At the end of Isaac Julien’s Baadasssss Cinema (2002), Fred Williamson is asked about the ‘black Hollywood’ whose success is signalled in the Oscar wins of Cuba Gooding, Jr., Denzel Washington and Halle Berry. Chewing on his cigar, he laughs as he says,

Black Hollywood? Yeah, right. … it don’t exist, man, no, no.

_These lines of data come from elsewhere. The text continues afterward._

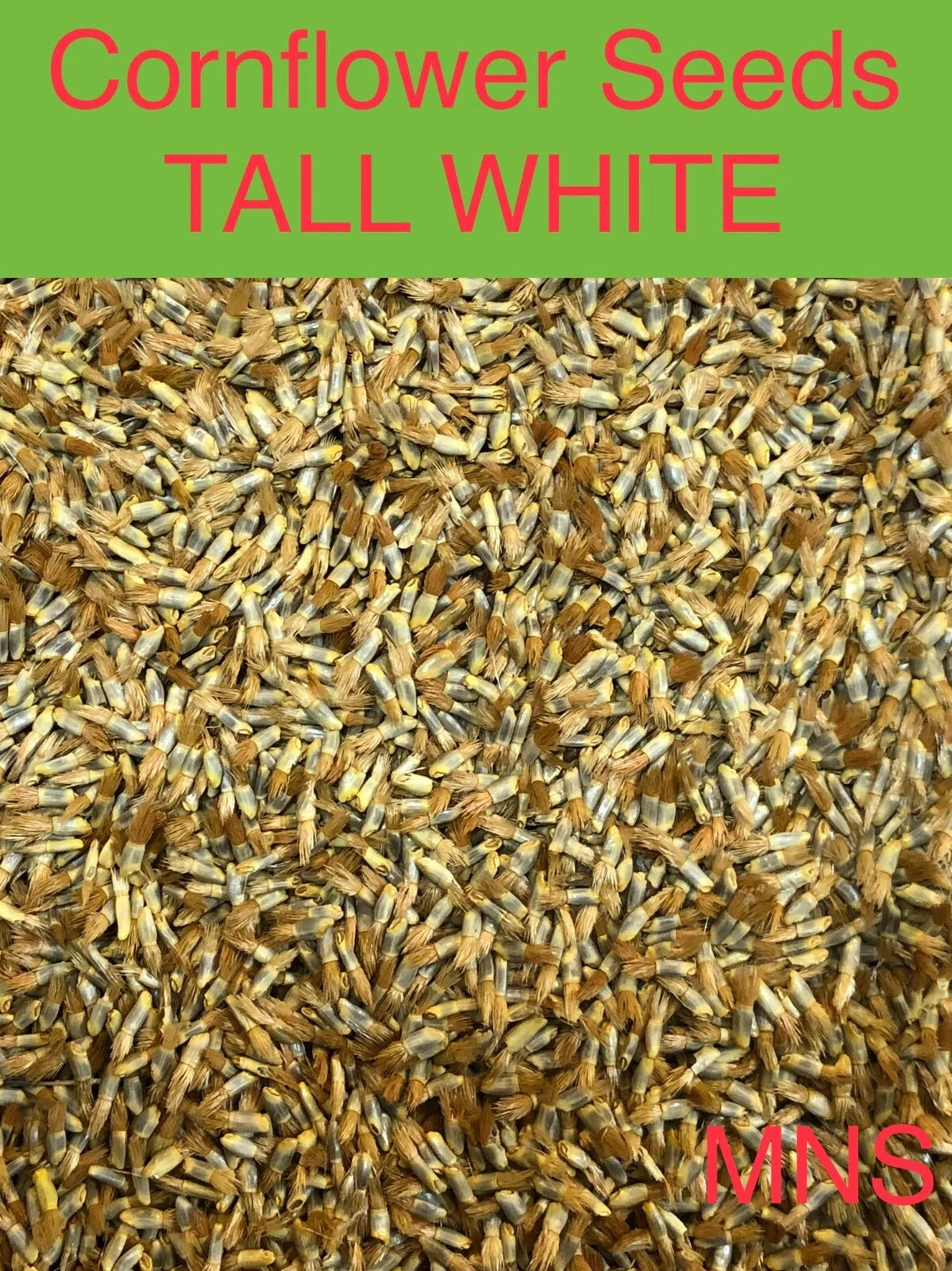 Cornflower Bachelor Button TALL WHITE Sun Shade Seeds – Heirloom, Non-GMO, High Germination Organic Garden Seeds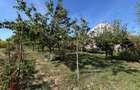 Casa individuala, 86 mp, teren 7370 mp, zona Bilca - 12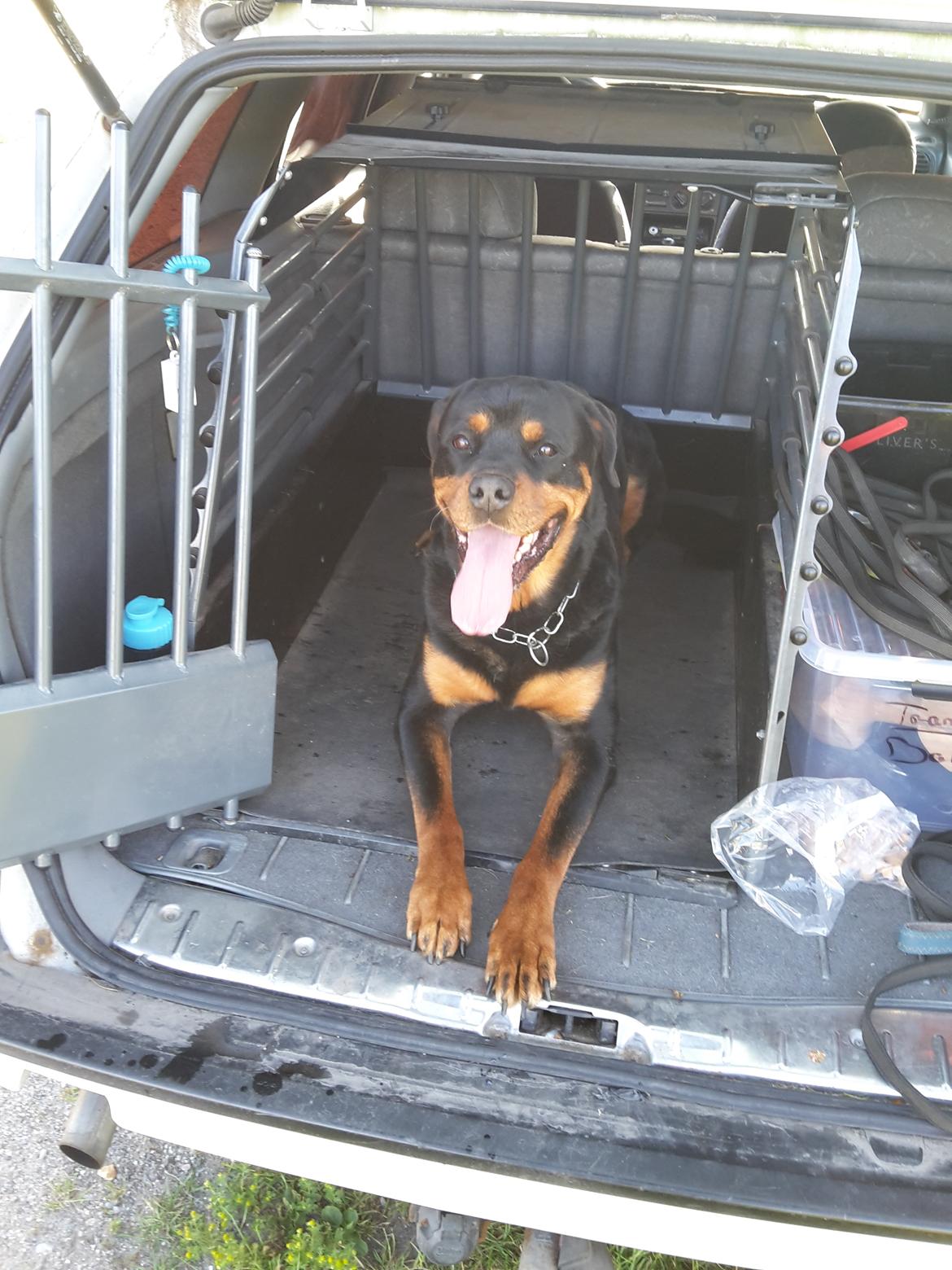 Rottweiler Baloo billede 7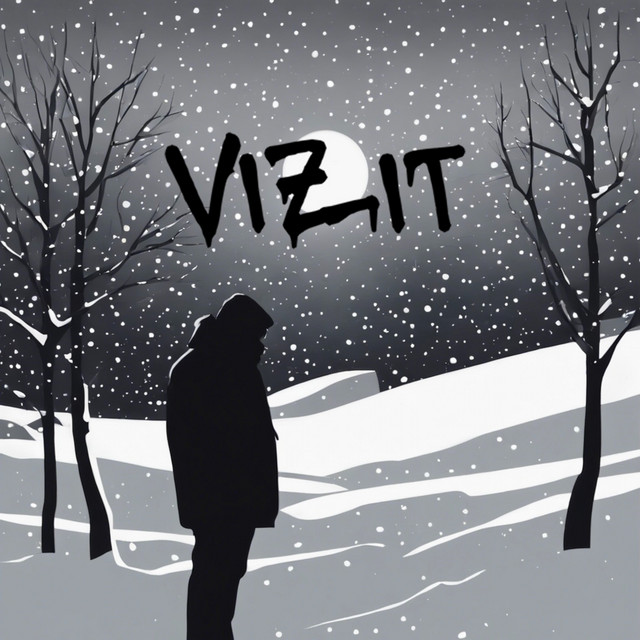 Обкладинка: Сніг — VIZIT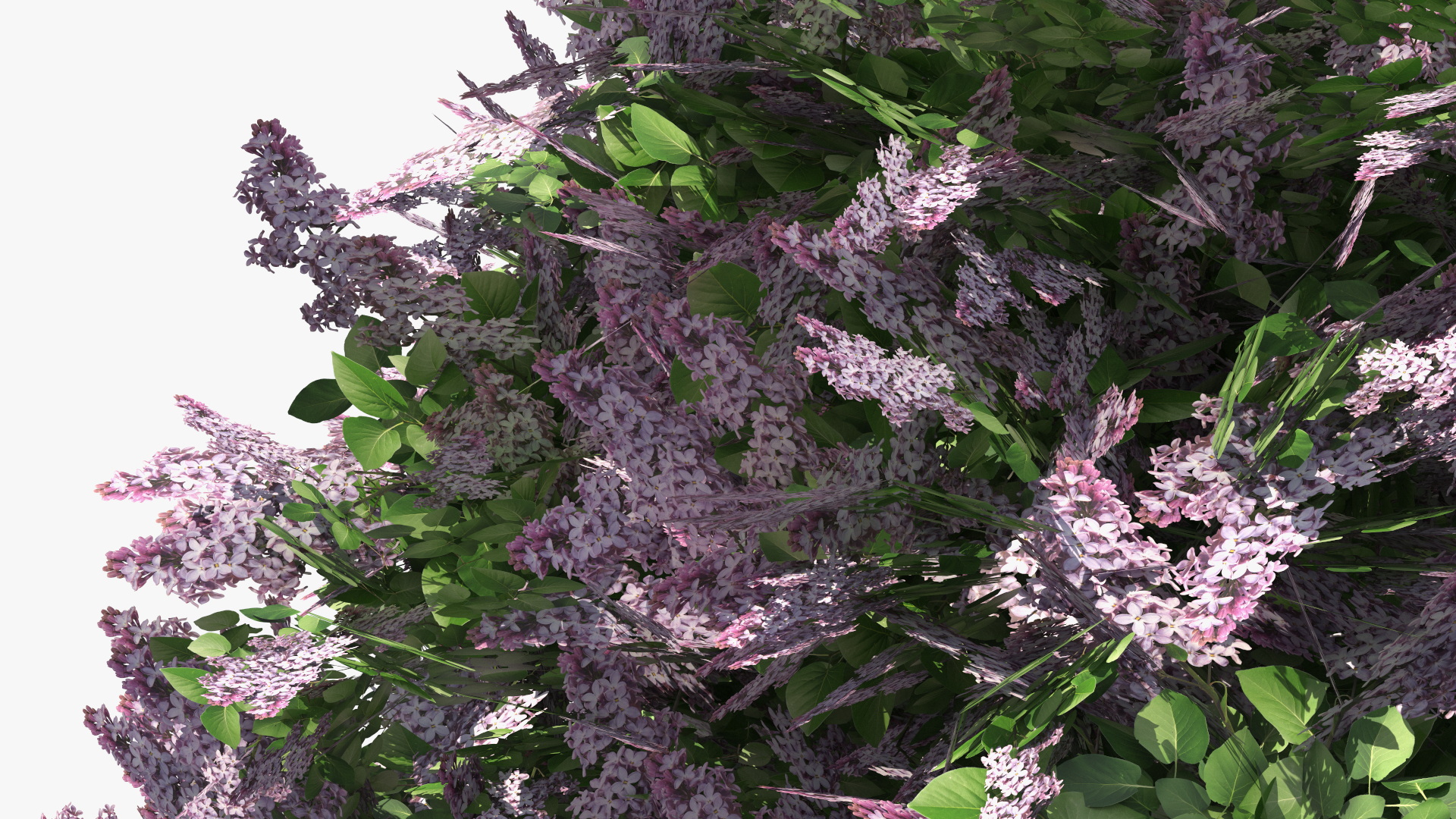Lilac Bushes Set, view 8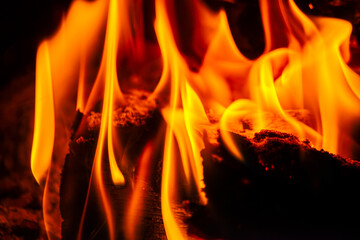 Infernal Essence: Close-Up of Fiery Wood Fire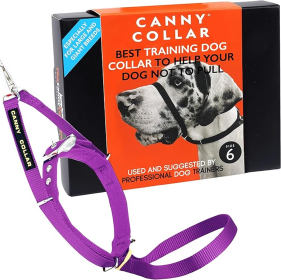 Canny Collar No-Pull Dog Head Collar Gentle & Humane Leash Training Aid (Color: Purple, size: Size 6 - Neck size 19"-21")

The point of Sweetback was that it was not about integrating into the white Hollywood machine; the sadness which haunts Baadasssss! is that the trail that it blazed in the early 1970s has led many right into that trap.

Notes

[i]
Columbia supposedly had a ‘happy’ ending in mind, in which Gerber regains his whiteness, but Van Peebles reputedly shot this different ending without telling the studio.

[ii]
Other examples include Gayl Jones’s Corregidora (1975), Alex Haley’s Roots: The Saga of An American Family (1976), Ishmael Reed’s Flight to Canada (1976), Samuel Delany’s Star in My Pocket Like Grains of Sand (1984), Toni Morrison’s Beloved (1987) and arguably every novel by the late Octavia Butler.

[iii]
On this cycle of novels, see Kalil Tal’s ‘“That Just Kills Me”: Black Militant Near-Future Fiction” (Social Text 71) and my ‘Come Alive By Saying No: An Introduction to Black Power Sf’ (Science Fiction Studies 102). In 1973, Greenlee’s novel, The Spook Who Sat By The Door (1969) was adapted as an independent film of the same name. Long rumoured to have been suppressed by the FBI, it has recently become available on DVD. Lacking Sweetback’s formal experimentation, it is nonetheless still a potent Black Power document.

[iv]
See Steve Estes I Am a Man! Race, Manhood, and the Civil Rights Movement for an acute analysis of why the fight for African American equality was so often articulated around remasculinising the emasculated black man. These problems were also common in the New Left and other radical movements of the period, as well, of course, as in mainstream and conservative politics.